A Pittsburgh home health care agency must pay $1.6 million in back wages and damages after misclassifying health aides as independent contractors, a U.S. District Court ruled.

The court found Christian Home Healthcare Corp, which is based in East Allegheny, had violated the Fair Labor Standards Act. It ruled that the company incorrectly identified 546 home health aides as independent contractors rather than employees, a distinction that prevented the aides from receiving overtime pay.

A debate over how to determine the classification of workers has played out in courts and state legislatures for years but has intensified recently as more people turn to the gig economy for work.

The Trump administration moved in January to clear up the confusion, issuing a new rule clarifying the difference based on two main factors: the nature and degree of control over the work and the worker’s opportunity for profit or loss based on initiative or investment. In other words, the distinction hinged on how much control workers have over things like their own schedules and their own tools, as well as how much control they have over how much money they make.

That rule is set to go into effect this month, but President Joe Biden’s Labor Department may move to pause the rule, alter it or scrap it entirely.
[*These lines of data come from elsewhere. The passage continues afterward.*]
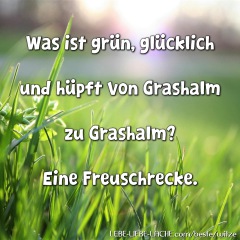 Was ist grün, glücklich und hüpft von Grashalm zu Grashalm? Eine Freuschrecke.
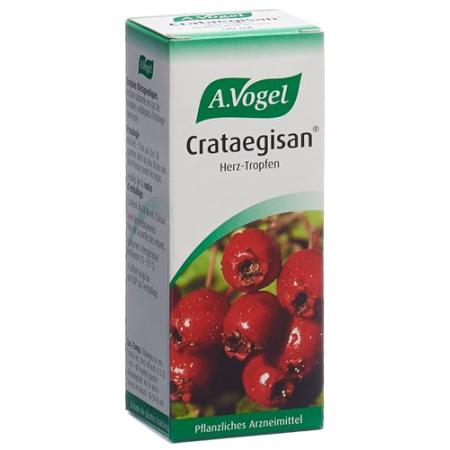 Vogel Crataegisan Drops Bottle 50 ml - PrimeCare Global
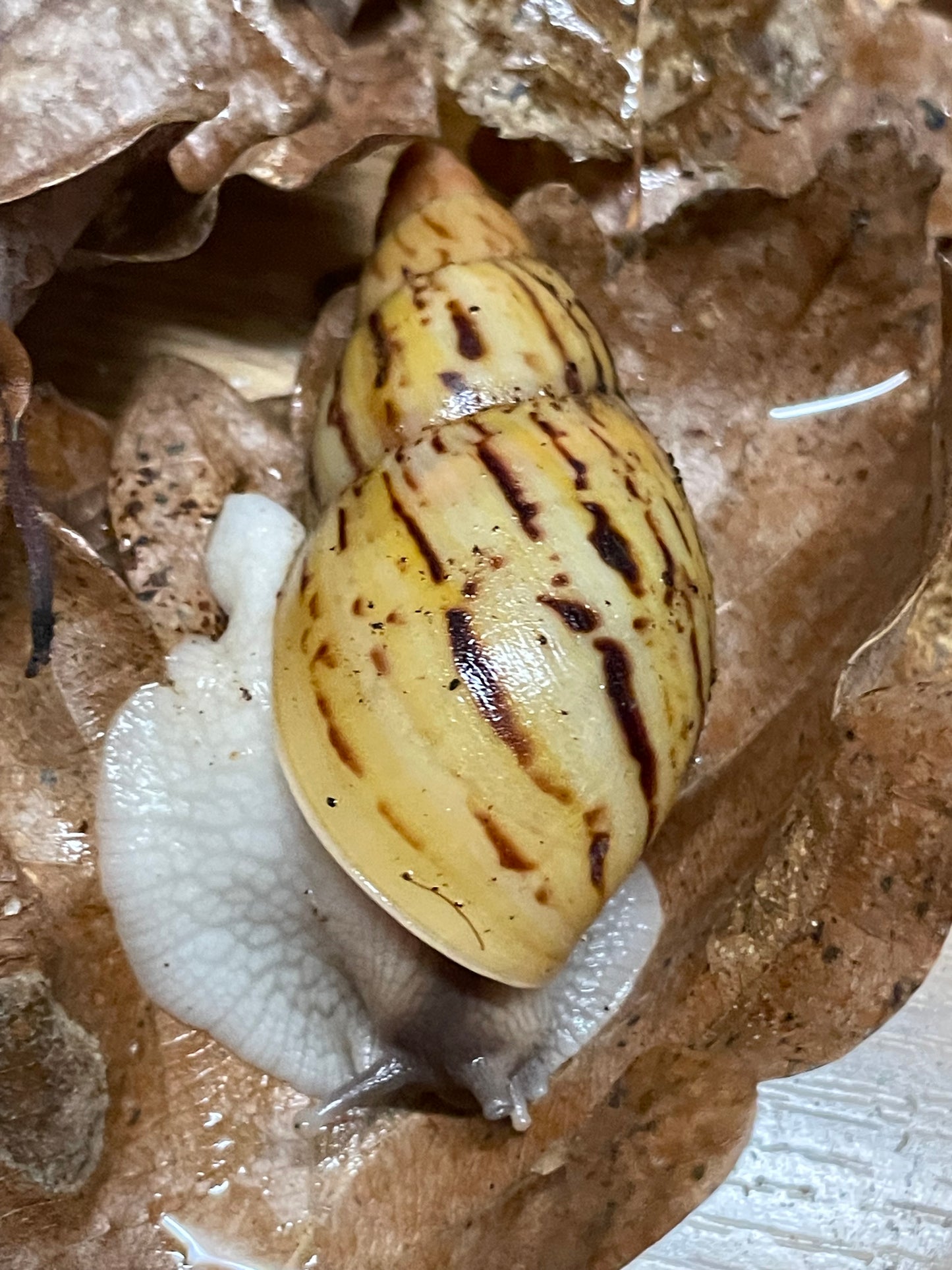 lissachatina ireadelei classique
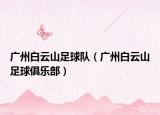 广州白云山足球队（广州白云山足球俱乐部）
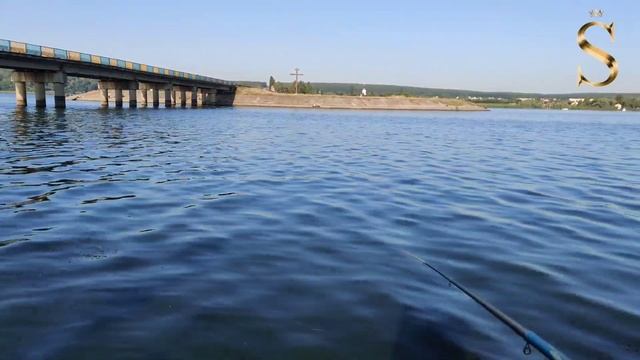 Ловили плотву на поплавок, а увидели ТОЛСТОЛОБА на ультралайт. смотреть онлайн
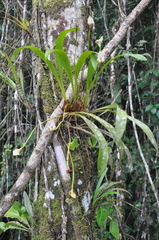 Maxillaria egertoniana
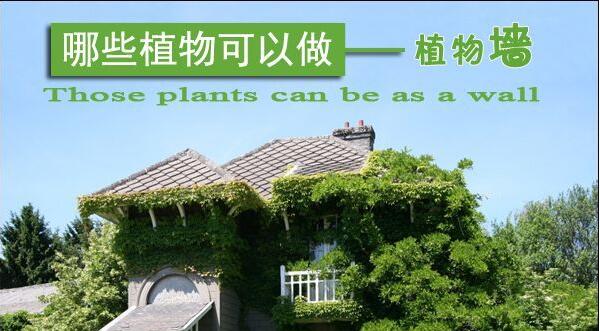 哪些植物适合做植物墙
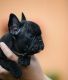 French Bulldog Puppies for sale in Reno, NV, USA. price: $2,800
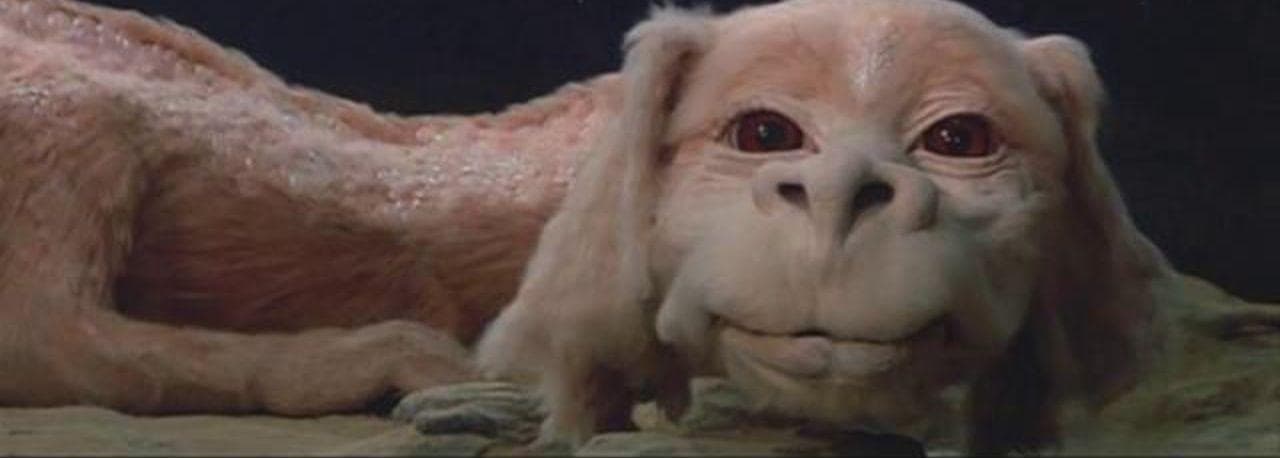 The Best Fantasy Tv Shows Of All Time Ranked By Fans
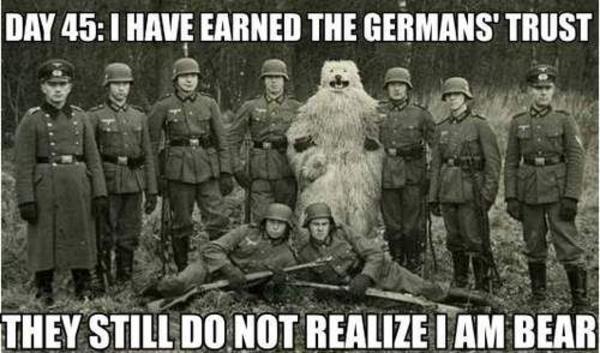 germans trust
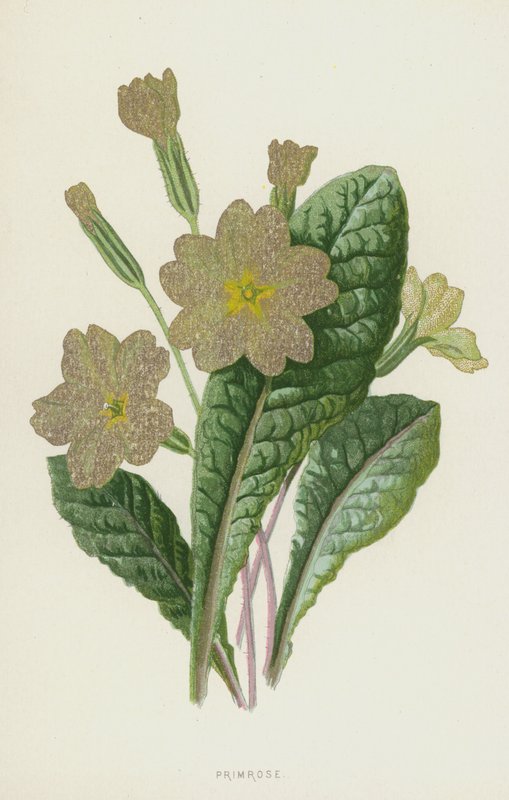 prvosenka (chromolitho) od Frederick Edward Hulme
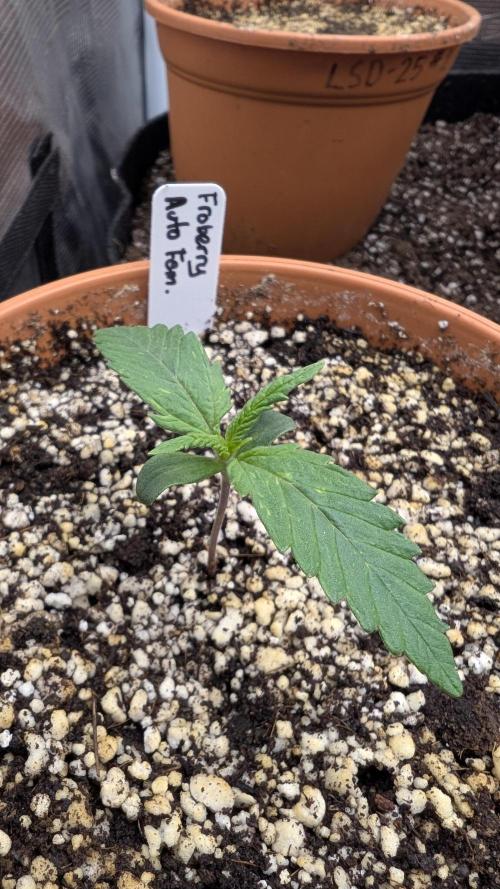 Variety grow: 6x 7gal. Week 0 - D4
For workers, the distinction — and the confusion around it — can determine things like access to unemployment benefits, minimum wage requirements, overtime pay and paid time off. It touches on industries across the board and affects workers from nail salon technicians to Uber drivers to construction workers to financial consultants.

In this case, the U.S. District Court for the Western District of Pennsylvania ruled that Christian Home Healthcare had misclassified the home health aides and then failed to pay overtime wages for instances when they worked more than 40 hours a week.

The agency did eventually change the classification but continued to pay “straight-time rates” for overtime hours rather than paying the overtime rate of one and one-times their regular rates.

Work weeks for some employees could be as long as 90 hours, according to the complaint filed with the District Court. The agency also failed to keep a record of the number of hours worked by office staff, the ruling found.

Christian Home Healthcare officials could not be reached for comment by deadline.

The court’s action followed an investigation into Christian Home Healthcare by the U.S. Department of Labor’s Wage and Hour division.

“Health care workers risk their lives every day to care for our loved ones and remain on the front lines keeping our country healthy and safe,” Jessica Looman, the division’s principal deputy administrator, said in a prepared statement. “They deserve to be paid every cent they have earned.”

Christian Home Healthcare and its owner are now on the hook for $812,675 in back wages and an equal amount in liquidated damages to the affected home health aides, as well as $20,000 in civil money penalties.